◆ **THE INPUT**
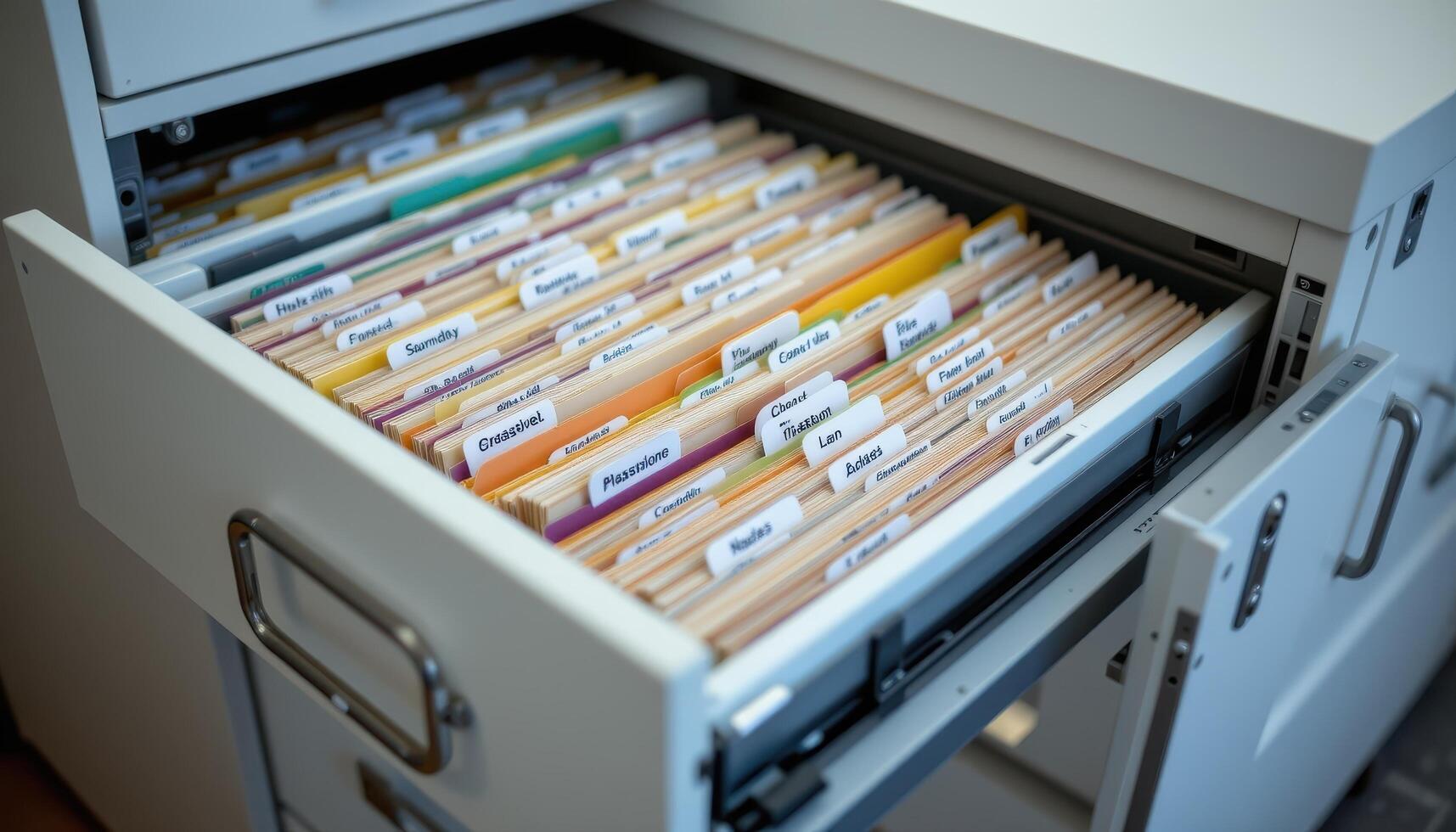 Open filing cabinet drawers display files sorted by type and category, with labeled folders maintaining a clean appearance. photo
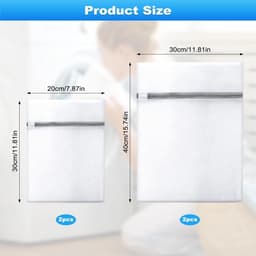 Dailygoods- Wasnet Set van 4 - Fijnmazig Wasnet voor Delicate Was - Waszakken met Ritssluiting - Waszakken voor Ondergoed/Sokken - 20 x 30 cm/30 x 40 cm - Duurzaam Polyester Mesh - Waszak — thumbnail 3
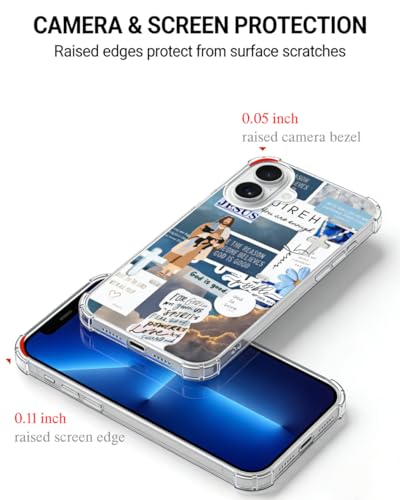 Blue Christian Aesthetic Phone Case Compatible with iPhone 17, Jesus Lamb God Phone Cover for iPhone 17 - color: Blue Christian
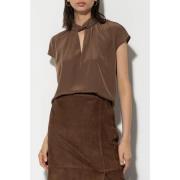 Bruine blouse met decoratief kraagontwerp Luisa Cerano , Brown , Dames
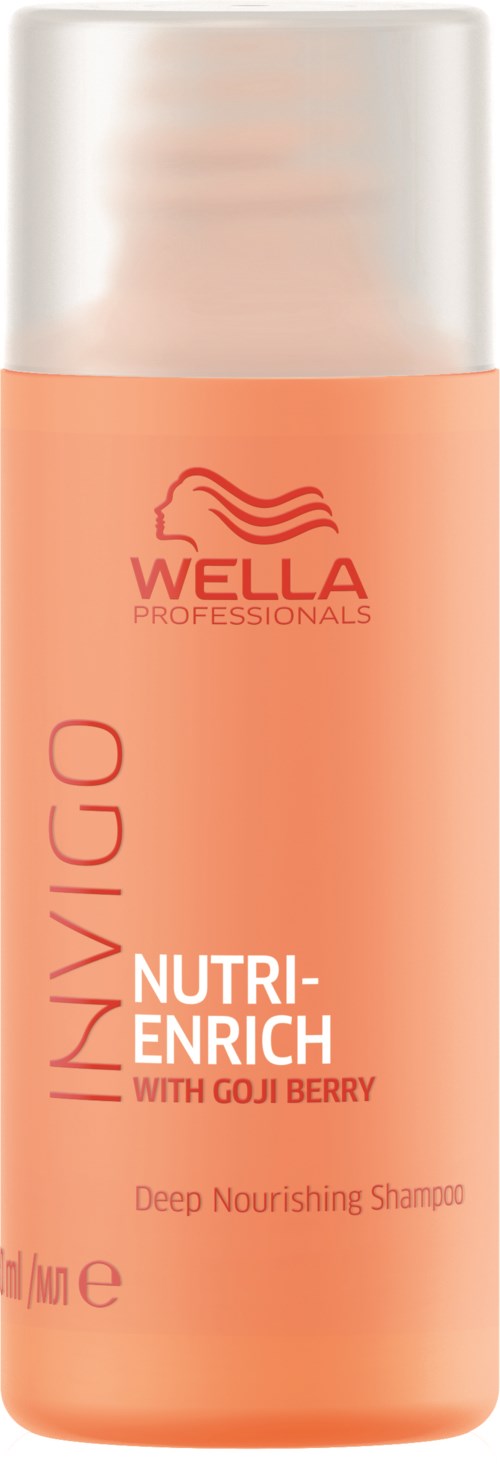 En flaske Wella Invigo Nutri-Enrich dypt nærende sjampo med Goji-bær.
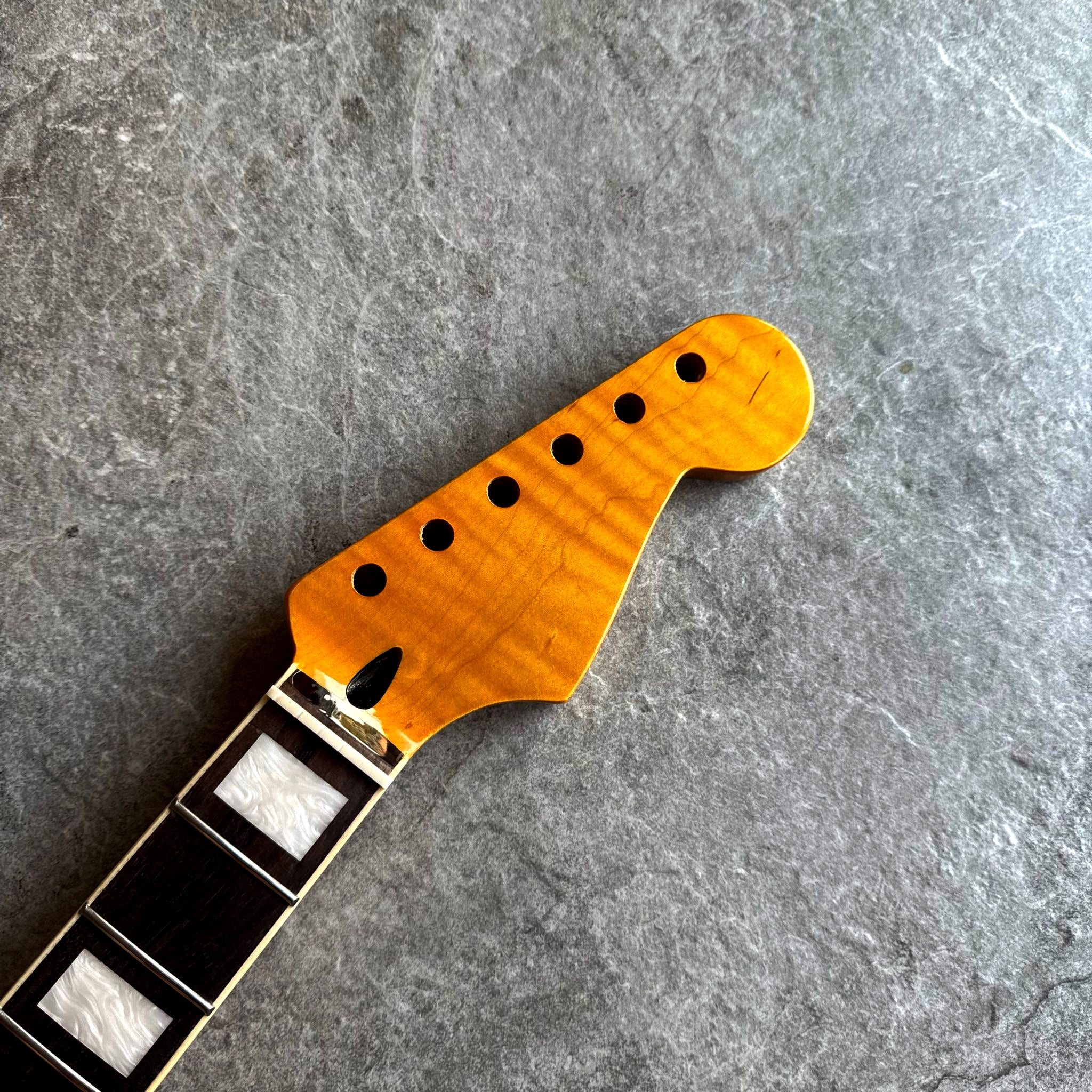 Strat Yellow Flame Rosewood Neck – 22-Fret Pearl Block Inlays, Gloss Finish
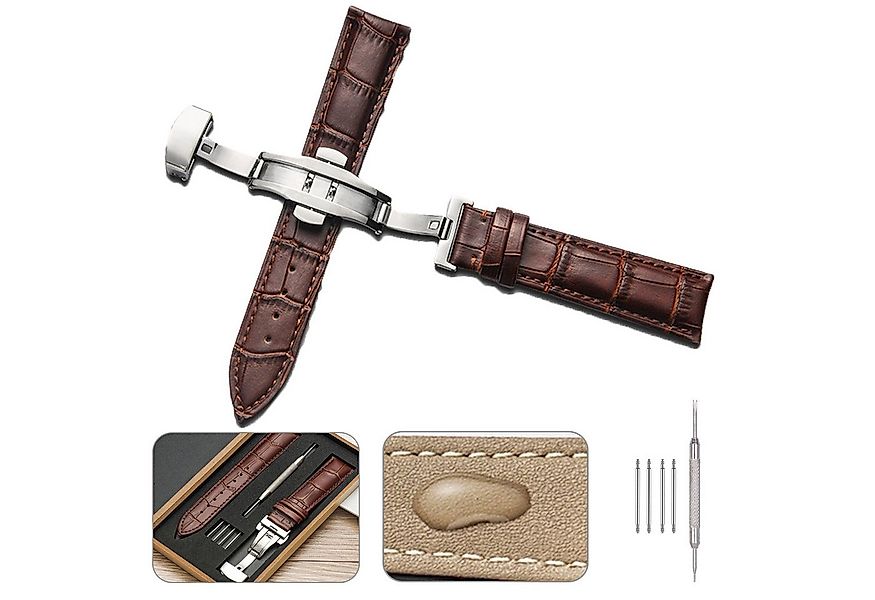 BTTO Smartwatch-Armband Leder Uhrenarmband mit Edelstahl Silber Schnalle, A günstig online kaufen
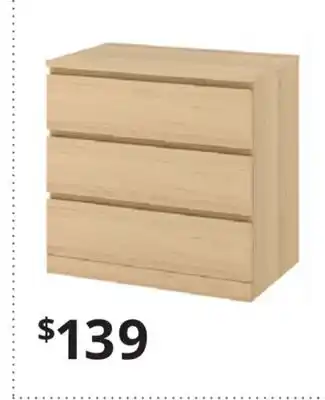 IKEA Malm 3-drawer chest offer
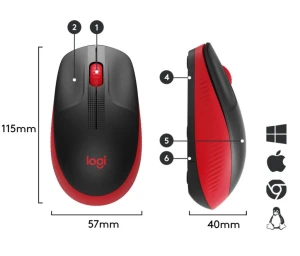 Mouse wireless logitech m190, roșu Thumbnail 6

◆ **TASK DETAILS**
The lines to copy begin at the one containing "Bruine blouse met" and end at the last line of the records. Set down exactly those lines and no others, both ends included, and omit all pictures.

◆ **EXPECTED ANSWER**
 Bruine blouse met decoratief kraagontwerp Luisa Cerano , Brown , Dames
 En flaske Wella Invigo Nutri-Enrich dypt nærende sjampo med Goji-bær.
 Strat Yellow Flame Rosewood Neck – 22-Fret Pearl Block Inlays, Gloss Finish
 BTTO Smartwatch-Armband Leder Uhrenarmband mit Edelstahl Silber Schnalle, A günstig online kaufen
 IKEA Malm 3-drawer chest offer
 Mouse wireless logitech m190, roșu Thumbnail 6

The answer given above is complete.